C’est le monde des êtres innombrables que nous ne rencontrerons jamais et qui endurent une vie insupportable. Le voyage ultime d’un être humain consiste à découvrir tout ce que nos cœurs peuvent accueillir. Nos capacités à causer de la souffrance et à soulager la souffrance coexistent en nous. Si nous choisissons de développer notre capacité à guérir, ce qui constitue le défi de toute vie humaine, nous découvrirons que nos cœurs peuvent accueillir énormément de choses, et que nous pouvons apprendre à combler, plutôt qu’à creuser, les schismes qui nous séparent les uns des autres.
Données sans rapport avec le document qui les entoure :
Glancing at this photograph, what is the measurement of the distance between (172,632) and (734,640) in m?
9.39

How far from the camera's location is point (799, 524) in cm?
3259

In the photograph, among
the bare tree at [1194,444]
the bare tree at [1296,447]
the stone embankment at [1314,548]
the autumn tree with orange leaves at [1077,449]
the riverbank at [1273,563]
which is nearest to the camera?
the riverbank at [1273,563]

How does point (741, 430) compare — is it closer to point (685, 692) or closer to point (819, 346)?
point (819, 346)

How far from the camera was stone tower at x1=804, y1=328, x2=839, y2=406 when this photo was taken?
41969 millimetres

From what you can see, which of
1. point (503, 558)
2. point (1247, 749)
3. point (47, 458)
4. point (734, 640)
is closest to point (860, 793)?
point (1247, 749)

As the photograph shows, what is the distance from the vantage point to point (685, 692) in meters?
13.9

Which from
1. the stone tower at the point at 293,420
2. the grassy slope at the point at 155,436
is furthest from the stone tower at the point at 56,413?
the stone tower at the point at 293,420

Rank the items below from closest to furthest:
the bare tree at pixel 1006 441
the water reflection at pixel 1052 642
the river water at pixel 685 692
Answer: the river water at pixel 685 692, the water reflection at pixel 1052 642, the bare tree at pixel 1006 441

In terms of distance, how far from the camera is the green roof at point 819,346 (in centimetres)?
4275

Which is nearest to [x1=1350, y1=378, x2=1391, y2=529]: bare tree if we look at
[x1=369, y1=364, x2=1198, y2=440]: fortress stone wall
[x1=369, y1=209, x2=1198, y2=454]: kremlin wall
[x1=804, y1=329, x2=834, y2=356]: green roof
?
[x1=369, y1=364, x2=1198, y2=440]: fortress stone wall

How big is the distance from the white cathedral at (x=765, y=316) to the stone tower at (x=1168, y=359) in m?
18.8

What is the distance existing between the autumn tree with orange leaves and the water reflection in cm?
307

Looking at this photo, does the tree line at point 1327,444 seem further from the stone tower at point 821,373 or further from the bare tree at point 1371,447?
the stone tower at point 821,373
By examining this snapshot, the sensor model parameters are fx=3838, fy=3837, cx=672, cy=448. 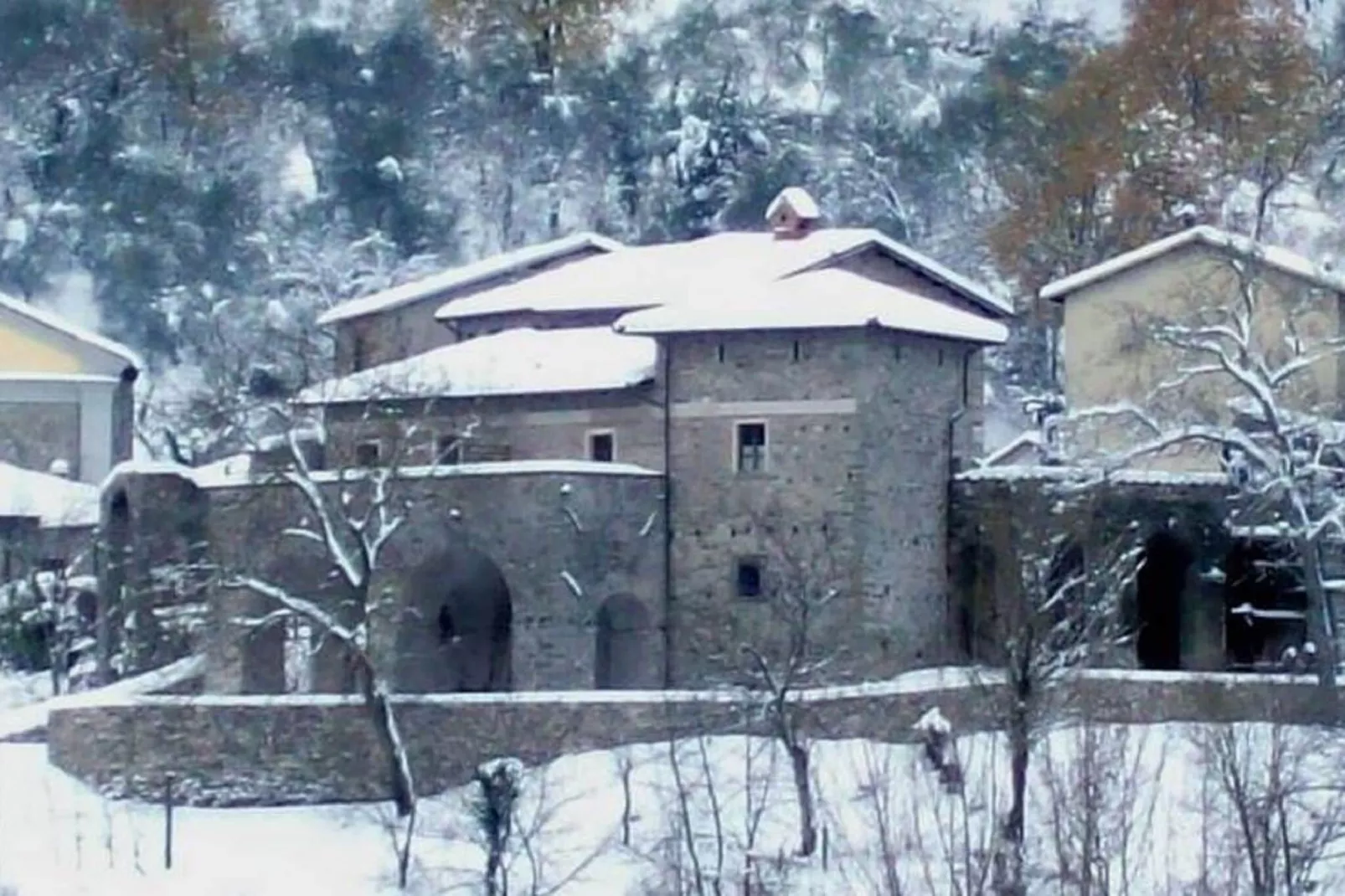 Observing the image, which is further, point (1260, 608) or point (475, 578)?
point (475, 578)

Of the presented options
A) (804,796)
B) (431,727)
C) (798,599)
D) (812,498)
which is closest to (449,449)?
(812,498)

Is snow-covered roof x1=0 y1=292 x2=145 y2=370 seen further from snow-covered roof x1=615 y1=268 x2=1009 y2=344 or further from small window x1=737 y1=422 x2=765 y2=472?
small window x1=737 y1=422 x2=765 y2=472

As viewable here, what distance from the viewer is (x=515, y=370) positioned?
45.8 m

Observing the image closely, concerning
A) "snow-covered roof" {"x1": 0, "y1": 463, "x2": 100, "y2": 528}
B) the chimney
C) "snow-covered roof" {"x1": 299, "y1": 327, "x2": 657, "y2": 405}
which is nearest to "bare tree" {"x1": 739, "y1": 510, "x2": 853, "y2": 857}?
"snow-covered roof" {"x1": 299, "y1": 327, "x2": 657, "y2": 405}

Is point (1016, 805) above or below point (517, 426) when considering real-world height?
below

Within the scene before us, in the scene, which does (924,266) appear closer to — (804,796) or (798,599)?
(798,599)

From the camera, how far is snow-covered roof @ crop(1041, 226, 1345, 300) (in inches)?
1890

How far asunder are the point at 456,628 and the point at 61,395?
13984 mm

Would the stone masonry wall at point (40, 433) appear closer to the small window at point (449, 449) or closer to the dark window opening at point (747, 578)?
the small window at point (449, 449)

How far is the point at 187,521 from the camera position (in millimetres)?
45344

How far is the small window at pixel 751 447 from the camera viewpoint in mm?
43500

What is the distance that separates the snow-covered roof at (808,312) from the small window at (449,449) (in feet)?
7.65

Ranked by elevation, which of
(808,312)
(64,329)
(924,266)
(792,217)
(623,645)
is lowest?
(623,645)

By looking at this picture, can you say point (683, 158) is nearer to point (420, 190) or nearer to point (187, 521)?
point (420, 190) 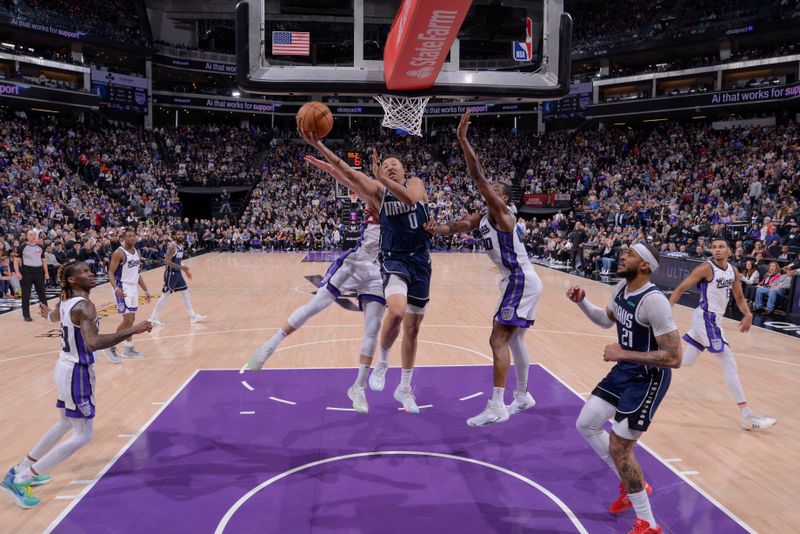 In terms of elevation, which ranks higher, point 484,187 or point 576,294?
point 484,187

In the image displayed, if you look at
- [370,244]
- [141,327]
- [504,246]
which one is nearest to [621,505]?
[504,246]

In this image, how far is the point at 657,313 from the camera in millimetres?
3521

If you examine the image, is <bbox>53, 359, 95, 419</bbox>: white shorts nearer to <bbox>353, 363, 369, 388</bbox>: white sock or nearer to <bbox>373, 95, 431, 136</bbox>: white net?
<bbox>353, 363, 369, 388</bbox>: white sock

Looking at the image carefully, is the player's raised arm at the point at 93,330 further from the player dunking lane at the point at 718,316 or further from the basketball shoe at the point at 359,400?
the player dunking lane at the point at 718,316

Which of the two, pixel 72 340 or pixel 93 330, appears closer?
pixel 93 330

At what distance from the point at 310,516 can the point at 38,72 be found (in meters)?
35.9

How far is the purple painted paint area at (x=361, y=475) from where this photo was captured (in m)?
3.79

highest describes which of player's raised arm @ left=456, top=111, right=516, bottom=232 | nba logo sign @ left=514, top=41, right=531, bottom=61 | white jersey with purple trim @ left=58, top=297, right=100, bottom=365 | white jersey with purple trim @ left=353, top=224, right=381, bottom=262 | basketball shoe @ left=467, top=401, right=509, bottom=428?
nba logo sign @ left=514, top=41, right=531, bottom=61

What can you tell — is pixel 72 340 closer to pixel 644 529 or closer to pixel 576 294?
pixel 576 294

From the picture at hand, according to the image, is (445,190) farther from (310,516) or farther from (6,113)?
(310,516)

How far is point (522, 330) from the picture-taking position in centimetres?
531

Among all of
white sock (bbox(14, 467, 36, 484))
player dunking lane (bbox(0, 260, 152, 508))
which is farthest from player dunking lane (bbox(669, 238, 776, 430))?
white sock (bbox(14, 467, 36, 484))

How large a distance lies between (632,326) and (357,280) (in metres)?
2.59

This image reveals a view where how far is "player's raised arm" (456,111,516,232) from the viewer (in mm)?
4418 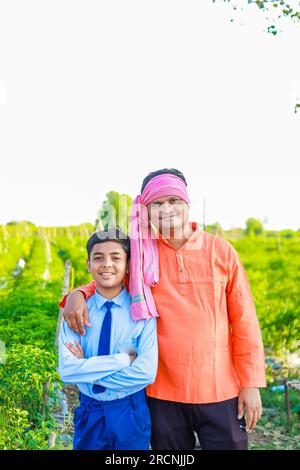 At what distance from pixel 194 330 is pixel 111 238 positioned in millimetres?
569

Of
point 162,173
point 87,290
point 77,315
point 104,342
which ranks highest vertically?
point 162,173

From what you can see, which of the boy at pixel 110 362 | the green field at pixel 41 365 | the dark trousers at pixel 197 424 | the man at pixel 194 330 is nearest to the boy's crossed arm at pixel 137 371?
the boy at pixel 110 362

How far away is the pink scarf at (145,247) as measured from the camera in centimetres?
259

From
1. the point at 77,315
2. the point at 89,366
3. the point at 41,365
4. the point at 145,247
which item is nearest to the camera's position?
the point at 89,366

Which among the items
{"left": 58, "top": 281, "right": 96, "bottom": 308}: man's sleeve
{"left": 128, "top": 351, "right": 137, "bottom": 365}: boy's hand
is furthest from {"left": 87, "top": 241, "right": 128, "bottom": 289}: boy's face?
{"left": 128, "top": 351, "right": 137, "bottom": 365}: boy's hand

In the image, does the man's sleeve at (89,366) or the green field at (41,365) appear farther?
the green field at (41,365)

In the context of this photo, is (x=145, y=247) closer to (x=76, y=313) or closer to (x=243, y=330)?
(x=76, y=313)

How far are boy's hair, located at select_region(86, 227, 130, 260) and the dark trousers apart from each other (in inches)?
28.7

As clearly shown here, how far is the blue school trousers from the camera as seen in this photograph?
2.57 meters

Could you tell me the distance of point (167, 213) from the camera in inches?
107

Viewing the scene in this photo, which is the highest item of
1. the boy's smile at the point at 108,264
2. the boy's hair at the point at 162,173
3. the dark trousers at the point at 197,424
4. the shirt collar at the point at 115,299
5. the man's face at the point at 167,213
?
the boy's hair at the point at 162,173

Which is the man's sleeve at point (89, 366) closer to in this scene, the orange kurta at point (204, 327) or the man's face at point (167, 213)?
the orange kurta at point (204, 327)

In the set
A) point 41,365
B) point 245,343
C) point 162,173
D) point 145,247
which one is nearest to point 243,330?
point 245,343

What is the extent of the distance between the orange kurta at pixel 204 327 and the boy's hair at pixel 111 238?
7.2 inches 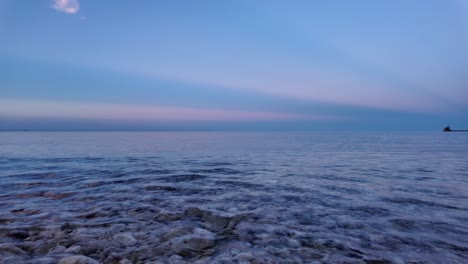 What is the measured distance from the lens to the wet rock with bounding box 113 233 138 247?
4.69 m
Le Soutra du Lotus, l’un des textes les plus prégnants de la tradition bouddhiste, a été composé au premier siècle, dans le nord de l’Inde, probablement dans l’actuel Afghanistan. Ce soutra célèbre le cœur libéré qui s’exprime dans une compassion puissante et sans limite, s’insinuant dans tous les recoins de l’univers pour soulager la souffrance partout où elle la rencontre.
Lorsque le Soutra du Lotus a été traduit en chinois, Kwan Yin, « celle qui entend les cris du monde », a émergé comme une incarnation de la compassion qui, depuis, occupe une place centrale dans les enseignements et la pratique bouddhistes. Au fil des siècles, Kwan Yin a été dépeinte sous diverses formes. Tantôt comme une présence féminine, visage serein, bras tendus,
yeux ouverts.
Tantôt tenant une branche de saule, symbole de sa résilience – puisqu’il ploie sans rompre face à la plus virulente des tempêtes.
Tantôt elle possède mille bras, avec un œil ouvert au centre de la paume de chaque main, illustrant qu’elle est constamment à l’écoute de la souffrance et qu’elle y répond universellement. Tantôt elle prend la forme d’une guerrière dotée d’une multitude d’armes, incarnant la pugnacité de la compassion, farouchement déterminée à éradiquer les causes de la souffrance.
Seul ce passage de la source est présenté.